MM: Decatur Sets Max Booting Fee, DHS Recognized, and Critical Thinking vs. Cynicism
Decatur Metro | May 25, 2016 | 1:22 pm- Decatur sets maximum booting fee at $75 [AJC]
- Governor recognizes Decatur High, Museum School, DeKalb School of the Arts [Decaturish]
- Primary rundown: Runoffs galore! [CL]
- Atlantans Declare Inman Park Festival the City’s Greatest [Curbed]
- Some Thoughts on Hope, Cynicism, and the Stories We Tell Ourselves [Brain Pickings]
Photo courtesy of Inman Park Facebook page
Law of unintended consequences. Less $ per boot = more aggressive booting.
So then you just make aggressive booting illegal. Problem solved!
The only alternative I can imagine is for people to avoid parking illegally or against the stated wishes of the property owner. But that is obviously ridiculous.
the only way they could be any more aggressive would be booting you before you even get out of your car.
they could start booting the drivers
So the way I read this…when I go into CVS to get a prescription filled and they tell me it will take 15 minutes. I may browse for a while or I may go grab smoothie at Smoothie King and be back in 10 minutes. I could get booted while waiting for my prescription because I walk to grab a smoothie while I wait?
Yep. Could happen.
Could happen, and has happened – to me, at least. Last summer, I stopped at CVS to pick up a prescription. I was told it would be 10 more minutes, so I went to my car to take my dog for a quick walk. My car was booted as soon as I walked out of the lot, even though I was still an active patron. The CVS store manager apologized profusely, but the parking attendant refused to budge. Needless to see, I’m all for the City’s decision.
” I walked out of the lot” That was your problem.
Yup, next time you need to walk your dog around and around the lot. In fact, around the booters just so they are sure you are still there. Do the signs say if they can boot you if your dog poops on the lot or vomits because of the heat in the lot?
Not that I’m aware of, but I’m sure Steve would be quick to point to the nearest Curb Your Dog sign.
I am all for lot owners protecting parking for their customers.
Other lots are following in their footstep of CVS. If every lot takes the same isolationist “you left our lot” viewpoint, it goes against the whole concept of encouraging a walkable downtown. As others have posted, do we really want to force people to drive from Cooks Warehouse to CVS to Dancing Goats?
I think the city should step in — not as an enforcer, but as a mediator or coordinator. There are workable solutions.
One example: Parkmobile, whose app handles Decatur and Atlanta on-street parking as well as private lots around Atlanta. According to their website, for private lots they offer vendor validation (“scan QR code for a 1 hour refund!”) Example2: the Town Square parking deck offers parking validation for guests (or so I am told). There has got to be a win-win solution that entails getting a variety of parking lots to go in together on a common system like this, that allows revenue for the lot, validation for customer parking,and the freedom for people to walk about downtown. The city can play a role in coordinating or promoting such an idea.
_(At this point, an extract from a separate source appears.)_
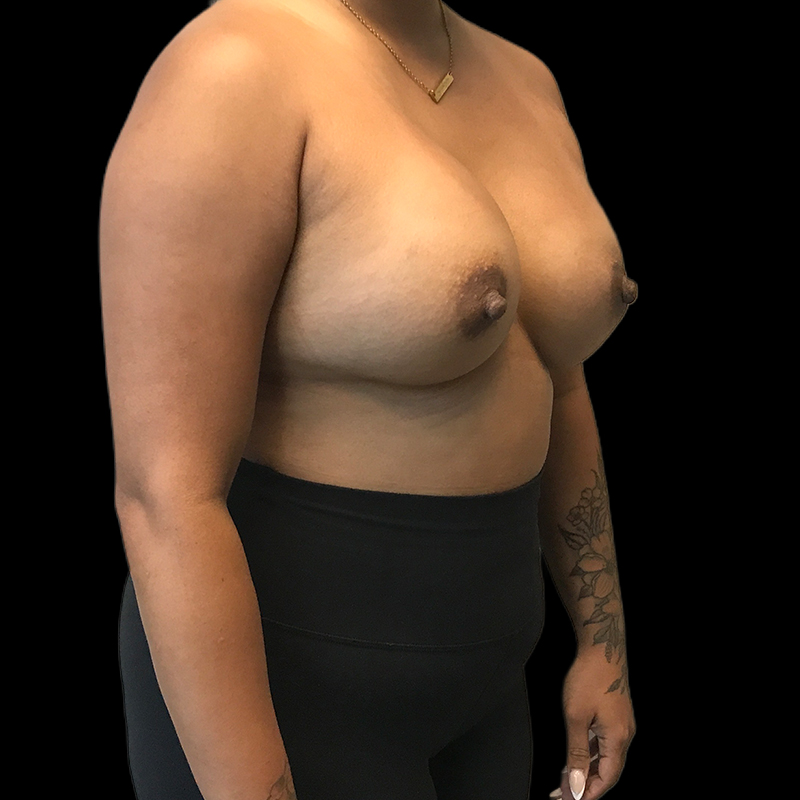 Breast Implant Exchange 03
All of this is an inevitable product of downtown growth (I view as good), more visitors and less available parking. Surely Decatur is not the first municipality with a growing pedestrian-oriented downtown core to have to deal with this problem. This seems to be the kind of thing Urban Planning graduate students write MS Theses about …
Right now the parking lot owners who boot are taking the least expensive path to ensure that no non-customers park in their lot. I agree with Robert – this approach runs counter to the walkable downtown goal. I don’t have a problem with every parking lot owner charging people to park, but I do have a problem with having to move my car five times to visit five businesses that are within walking distance. I don’t understand the property rights crowd total defense of booting. It’s not the best way to solve the problem.
Nothing to stop you from parking in a pay parking lot/deck or metered street space and walking to your 5 businesses. Most of the booters are in free parking lots, right?
Or the (for now at least) free county deck.
That’s the thing. Some businesses have invested in infrastructure that allows them to charge for parking. That’s fine. Everybody knows the deal going in. Other businesses are going the free route with booting. If everybody goes to booting, then we will have to move the car five times for five errands. I don’t think the city is out of line by regulating the booting. It is not the best way to solve the problem. It makes us a very unfriendly place to visitors.
And by the way, the county deck charges 8-5 on weekdays.
But the county deck soon will become contracted out to a vendor that charges all the time, right? When I always had little kids in tow, I’d have to do that drive from one parking lot Downtown to another. I’d hate to resume that just because all the pay parking lots are their separate fiefdoms.
Maybe the City needs to kill three birds with one stone–develop a Downtown greenspace as some are advocating and then put a free City parking structure underneath. More park, more parking, more people spending money at Downtown businesses.
“the county deck soon will become contracted out to a vendor” I first heard that last year. There are new gates, but nothing else.
That would be the dream — city-run parking decks capped with park space. I would be willing to pay more in taxes for that (and, obviously, step 3 = Profit!).
Then do away with the requirement that businesses provide parking for their patrons.